As inspiration for what bad habits to tackle first, I’ve looked to two health videos that have recently been brought to my attention. The first is called, “Twenty-three and a Half Hours.” It’s worth watching, but basically, the gist is that the best possible thing you can do for your health is simply to spend 30 minutes everyday exercising.
That became my goal for the month of June: exercise for 30 minutes, five days a week. The other twenty three and a half hours of each day could be spent drinking coke, loafing on the sofa watching Big Bang Reruns, and sneaking cookies when the girls were otherwise distracted.
And so, Monday thru Friday, I spent thirty minutes on the treadmill. My goal is to eventually jog two miles for my weekday workout. Which is a kind of torture for me, because I hate to run. I abhor it. Absolutely loathe it. And when I’m done loathing it, I hate it some more.

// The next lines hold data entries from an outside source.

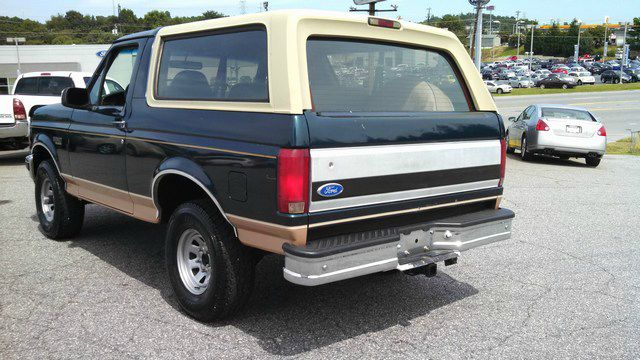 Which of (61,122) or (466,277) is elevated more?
(61,122)

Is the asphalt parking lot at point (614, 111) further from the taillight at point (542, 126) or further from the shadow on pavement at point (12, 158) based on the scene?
the shadow on pavement at point (12, 158)

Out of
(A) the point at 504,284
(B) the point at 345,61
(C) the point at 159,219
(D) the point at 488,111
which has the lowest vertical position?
(A) the point at 504,284

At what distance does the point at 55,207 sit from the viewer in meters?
6.23

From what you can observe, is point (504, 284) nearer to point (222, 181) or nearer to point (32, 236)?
point (222, 181)

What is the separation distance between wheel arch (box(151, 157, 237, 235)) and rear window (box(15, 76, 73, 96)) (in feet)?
32.1

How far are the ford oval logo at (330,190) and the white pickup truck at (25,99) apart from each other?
→ 9105 mm

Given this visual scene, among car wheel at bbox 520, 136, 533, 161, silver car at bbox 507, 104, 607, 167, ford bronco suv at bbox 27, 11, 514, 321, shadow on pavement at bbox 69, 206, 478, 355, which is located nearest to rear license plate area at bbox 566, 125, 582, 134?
silver car at bbox 507, 104, 607, 167

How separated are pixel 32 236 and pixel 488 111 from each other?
5108 mm

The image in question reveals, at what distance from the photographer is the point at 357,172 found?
3693mm

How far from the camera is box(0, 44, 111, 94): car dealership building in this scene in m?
50.9

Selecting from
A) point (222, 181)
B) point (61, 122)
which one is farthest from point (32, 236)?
point (222, 181)

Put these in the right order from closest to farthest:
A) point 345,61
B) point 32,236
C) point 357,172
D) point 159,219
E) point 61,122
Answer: point 357,172 < point 345,61 < point 159,219 < point 61,122 < point 32,236

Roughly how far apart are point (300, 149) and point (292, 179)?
0.18 m

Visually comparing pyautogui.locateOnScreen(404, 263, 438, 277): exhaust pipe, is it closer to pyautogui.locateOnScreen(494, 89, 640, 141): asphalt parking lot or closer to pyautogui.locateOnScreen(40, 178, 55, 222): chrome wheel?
pyautogui.locateOnScreen(40, 178, 55, 222): chrome wheel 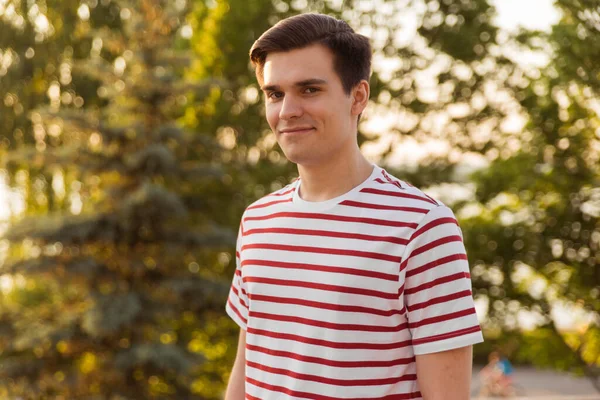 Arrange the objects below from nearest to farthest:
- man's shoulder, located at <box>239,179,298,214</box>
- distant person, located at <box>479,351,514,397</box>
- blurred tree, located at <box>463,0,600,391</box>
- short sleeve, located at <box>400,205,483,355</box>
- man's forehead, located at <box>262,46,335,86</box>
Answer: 1. short sleeve, located at <box>400,205,483,355</box>
2. man's forehead, located at <box>262,46,335,86</box>
3. man's shoulder, located at <box>239,179,298,214</box>
4. blurred tree, located at <box>463,0,600,391</box>
5. distant person, located at <box>479,351,514,397</box>

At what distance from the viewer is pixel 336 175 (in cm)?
167

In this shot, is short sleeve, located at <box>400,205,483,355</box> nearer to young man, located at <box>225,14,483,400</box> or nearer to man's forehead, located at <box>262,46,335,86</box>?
young man, located at <box>225,14,483,400</box>

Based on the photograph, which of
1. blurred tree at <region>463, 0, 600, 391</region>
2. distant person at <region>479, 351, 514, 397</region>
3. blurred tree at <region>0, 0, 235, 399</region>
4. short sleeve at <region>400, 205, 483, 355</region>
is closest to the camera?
short sleeve at <region>400, 205, 483, 355</region>

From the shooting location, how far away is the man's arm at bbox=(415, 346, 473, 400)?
147 centimetres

Only the top picture is what I WISH I feel like when I run. |
This is how I actually feel. |
But despite my less than euphoric attitude toward running, I also feel that it is somehow the most accurate mark of fitness. If I could run 2 miles every morning, and it eventually became ‘easy’ for me, I would feel fantastically fit. In shape. Able to catch Nicole when she decides to run off. In my defense, she is very fast for a kid who is not even two yet.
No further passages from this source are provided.